And you have a very good point. For some this would be the best approach and I do enjoy many instantly recognizable artists.

But there is more than one way to make good music.

Piano players are recognizable even when playing the same studio piano. Most people can't hear the difference between one Steinway Concert Grand and another, yet when you hear a song "The Wrecking Crew" did the session on, you can usually tell when Leon Russell was on the session. It's not his tone, it's his playing.

And even among piano players, there are times when many reach for a Rhodes or a Digital piano, not for what they do like that Steinway, but for their differences.

I am a long time sax player, although I play more than a half dozen instruments sax is my 'home' instrument. And on the gig I play wind synth sax too. Why would a sax player with a real one use a synth sax? For the things the synth sax will do that my acoustic sax will not.  I play the synth sax for the differences.

Now there are also other instruments I emulate on the gig.
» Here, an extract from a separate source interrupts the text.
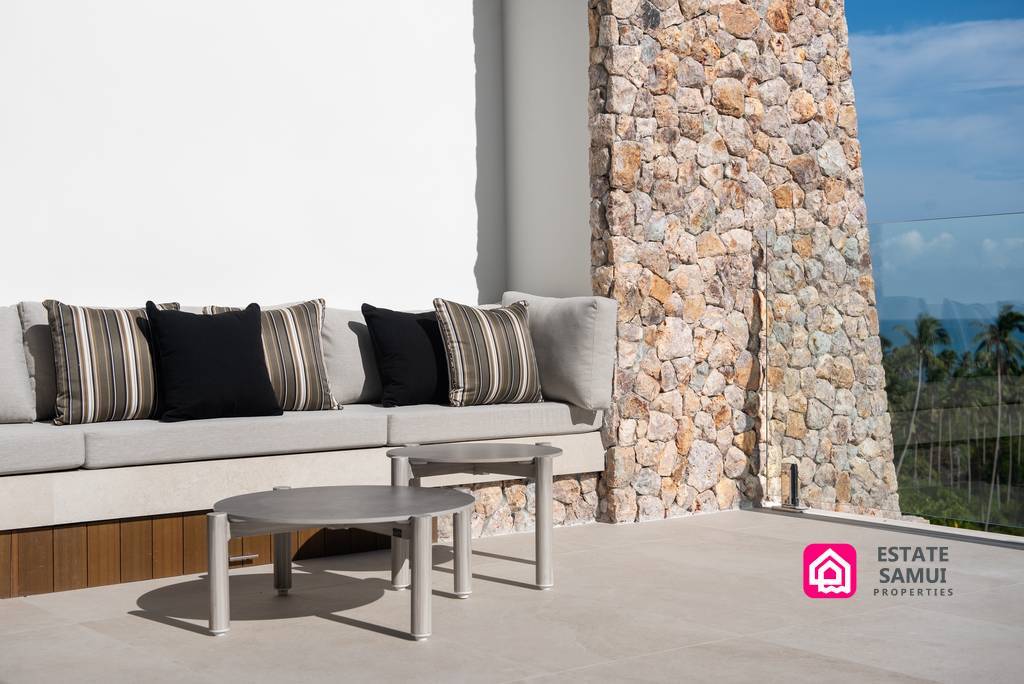 Modern Partial View Villa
I do my absolute best to sound like the instrument I'm emulating. For Example: If the song calls for a trumpet solo, I want it to sound as much like a trumpet as my skills and the limitations of my gear allows. In that situation I think it is the right thing to do.

And people do remember my duo. We started gigging in 1985 and for the first 3 years I worked very hard at self-promotion and tapered off as work came to me. Since 1990 I haven't done a single sales call. And in order to take a yearly vacation I actually have to block out the time in advance and turn work down.

We gigged at a yacht club that we play at perhaps 5 or 6 times per year. People coming in before the downbeat greeted us with big smiles and comments like, "We're glad you are here, you're our favorite band." and so on (I'm sure other bands are other people's favorites but dozens came up to us and remembered us).

Now if I was a solo artist trying to make records, I'd probably have a different approach. The approach you mentioned. As a sax player I'm glad Stan Getz sounds like Getz, Stanley Turrentine sounds like Turrentine, Richie Cole sounds like Cole, and so on.

And if I were a session musician I'd try to be a musical chameleon and be unrecognizable by my tone and approach each song the way the people running the session thought fit. And I'm glad session sax player Plas Johnson has many different voices on his sax.

In my duo, we are musical chameleons. When we play a rock song you would think we are a rock band, when we play reggae we sound like a reggae band, when we do country we sound like a Nashville band, when we do standards we sound like a swing jazz band, when we do funk we sound like a funk band, and so on. We do all this to the best of ability.

This keeps us working. For over 30 years we work more than any other duo around, and we get more money than others too. I haven't done a sales call in decades because we thrive on repeat business and word of mouth.

Pat Metheny is a great player, and I like listening to him play. However at time I think he is too negative and critical of others. I heard him do a big tirade against Kenny G. Now I don't particularly care for Kenny G commercial output, and I've heard Kenny play much better sax when he was with Jeff Lorber's Fusion, but Mr. G found something that his audience loved and made him a lot of money. That's much better than being the poor starving artist. And although I was in a band that almost made it famous once, the majority of my life was spend playing commercial music, so how can I dis Kenny G for playing commercial music?

Not everybody is as fortunate as Mr. Methany, to be able to play whatever he wants and have make a good living at it.

I had a long talk with Tom Scott many years ago. He said something like this (and I paraphrase) ... There is a sax player somewhere playing in a Holiday Inn in a place like Valparaiso Indiana that can put me in his back pocket, but I was in the right place at the right time, I had the right connections, I showed up straight, and I played what was required of me at the time, so I got the gig. In a different set of circumstances, Pat Metheny could have been doing cover songs in a Holiday Inn. But he had the talent, had the connections, was in the right place at the right time, and covered the gig well.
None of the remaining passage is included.